28/07/2026
Mira, te explico, soltar, dejar, separarte de alguien no siempre es una decisión racional. Aunque tu cabeza te diga “ya no quiero estar aquí”, el corazón guarda memorias, apegos, idealizaciones que te habías hecho y eso hace más difícil tomar la decisión.
Porque soltar implica romper vínculos simbólicos, y eso puede tocar fibras muy profundas: miedo al vacío, al abandono, a quedarte sin sentido, sin rutina, sin esa compañía, sin esa presencia a la que, aunque duela, te acostumbraste.
Podríamos decir que muchas veces nos aferramos por una herida no resuelta. Esa persona representa algo: tal vez la necesidad de ser elegida, de ser vista, de ser suficiente. Y mientras eso siga vivo en ti, soltar a la persona equivale a sentir que te fallaste tú misma, como si dejarlo fuera confirmar que nunca se dio lo que tanto necesitabas recibir.

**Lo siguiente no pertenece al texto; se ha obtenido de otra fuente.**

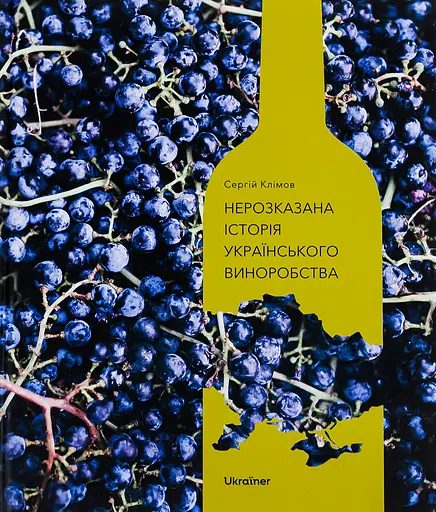 Нерозказана історія українського виноробства - Сергій Клімов - фото 1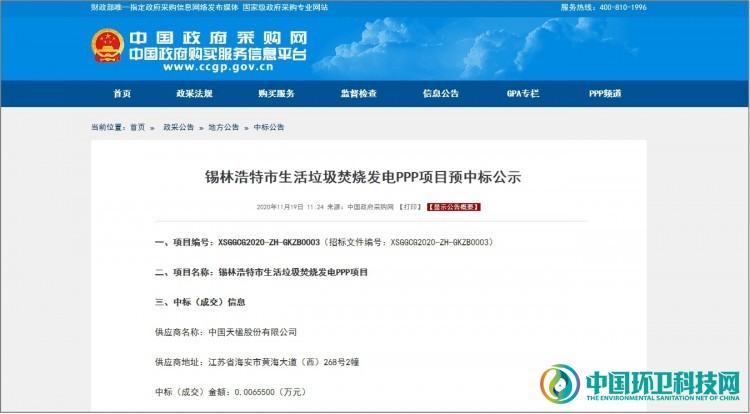 2.73亿！中国天楹预中标内蒙古锡林浩特市垃圾焚烧项目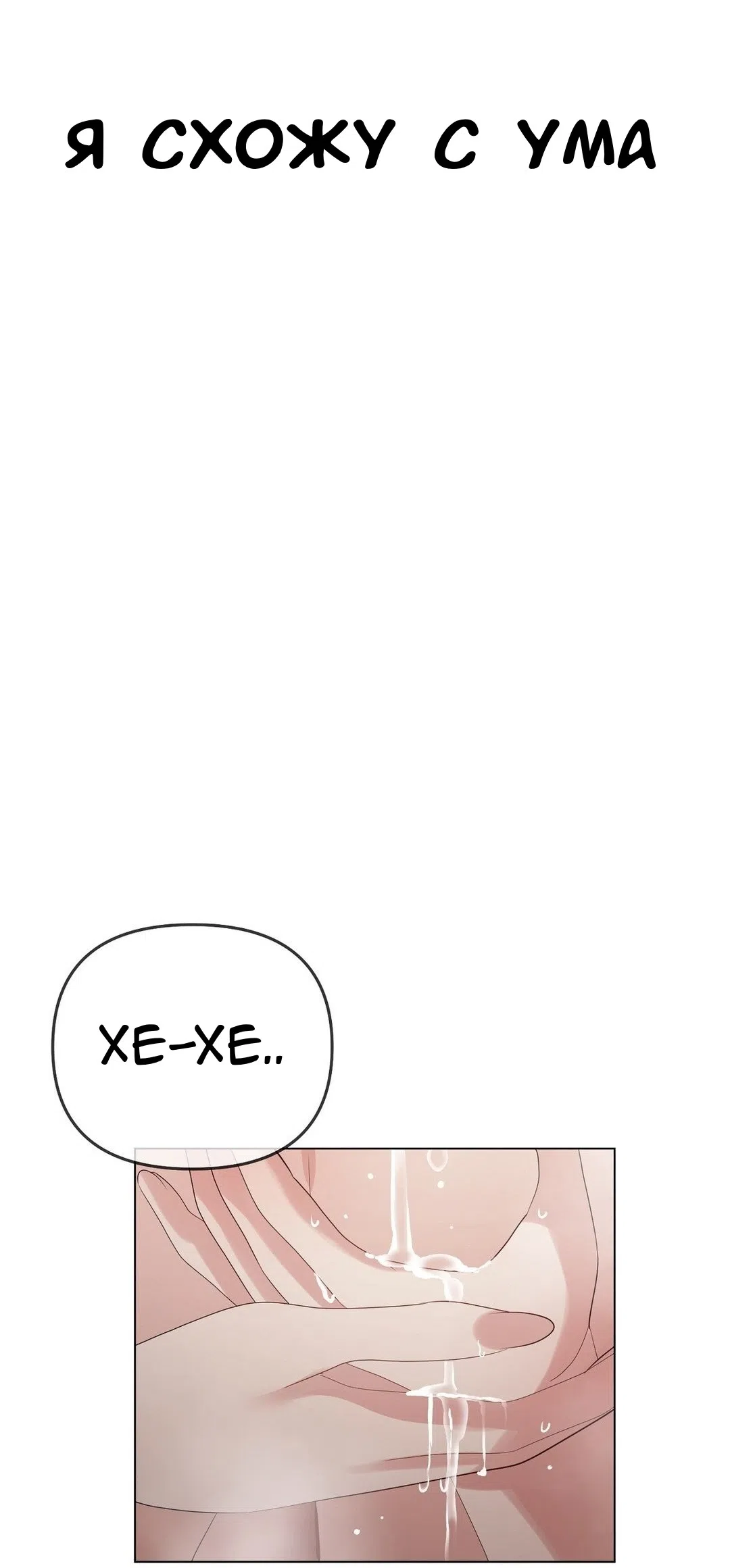 Страница 81 главы 21 манги Парень зверь / baby beast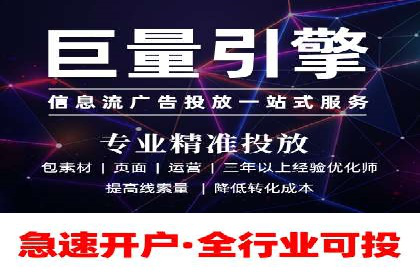 SEM广告投放的创意表现力优秀案例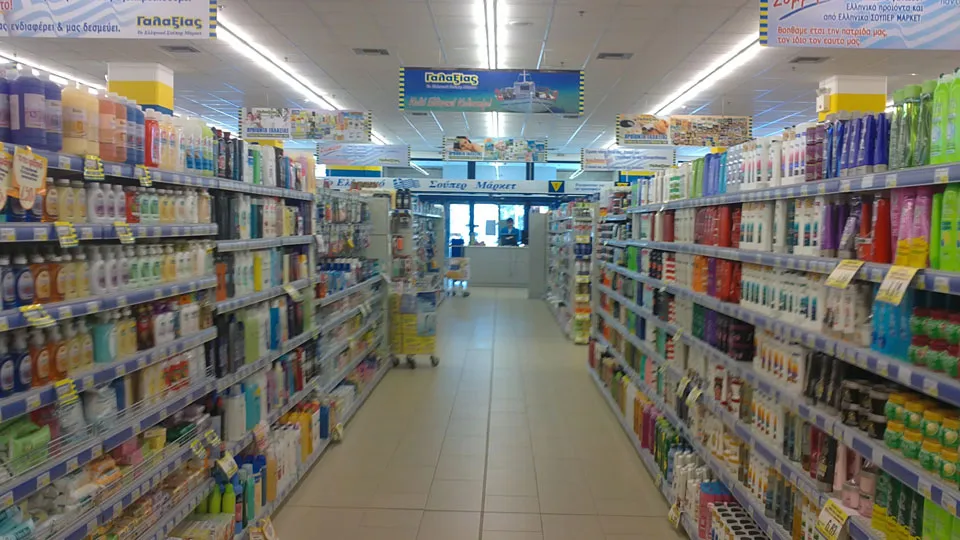 Galaxy - Photo 2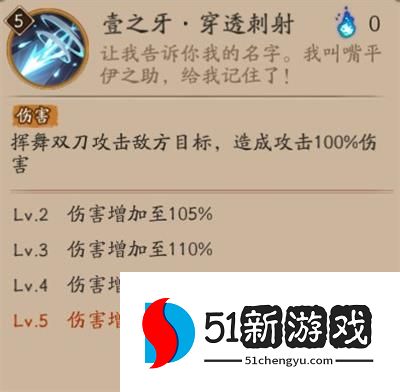 阴阳师嘴平伊之助技能是什么 嘴平伊之助技能详解[多图]图片3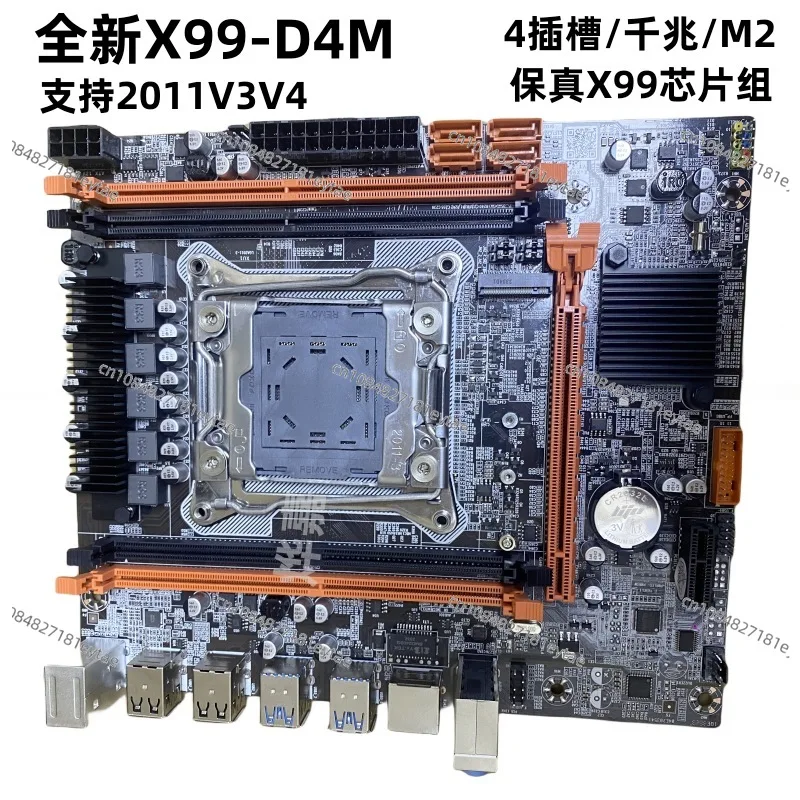 Новая материнская плата X99-D4M LGA 2011-3 Серверная Память DDR4 E5 2683 2680v3V4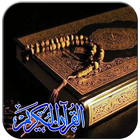 القرآن الكريم MP3 أيقونة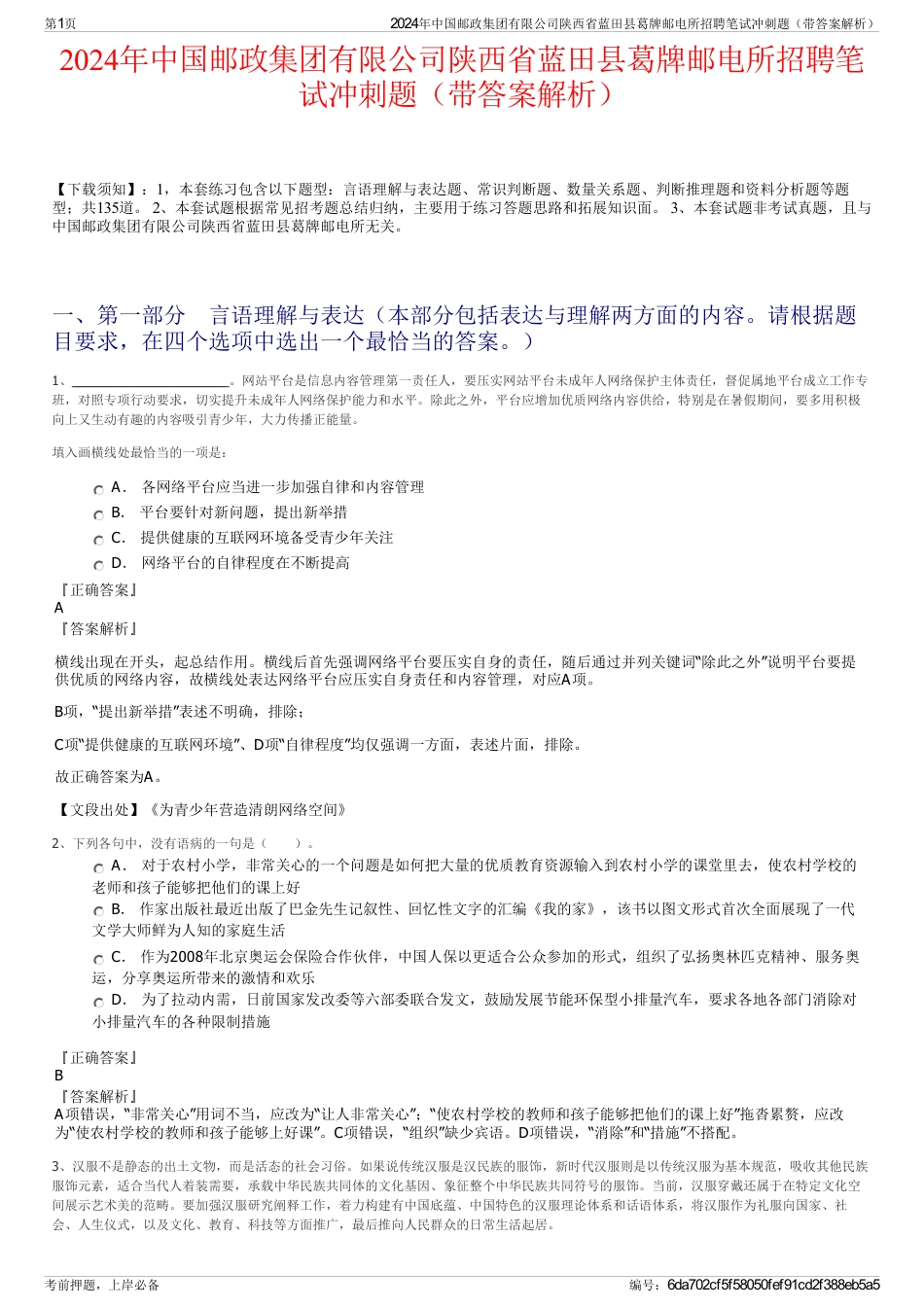 2024年中国邮政集团有限公司陕西省蓝田县葛牌邮电所招聘笔试冲刺题（带答案解析）_第1页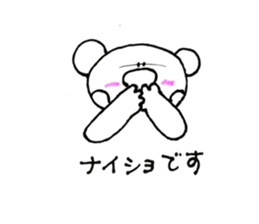 RIKUchan's2 sticker #10398284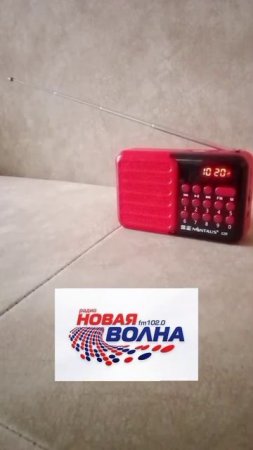 радио Новая волна Волгоград 102.0 FM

A veces no te puedes ir porque todavía estás esperando que sea diferente.
Pero soltar no es olvidar ni negar lo vivido. Es poder mirarlo con verdad, honrar lo que fue, pero elegirte a ti, aunque duela.
Y cuando puedas decir:
"Sí lo quise, sí me dolió, sí esperé... pero hoy me elijo a mí",
entonces el duelo empezará a ceder y la sanación llegará porque te juro que si llega.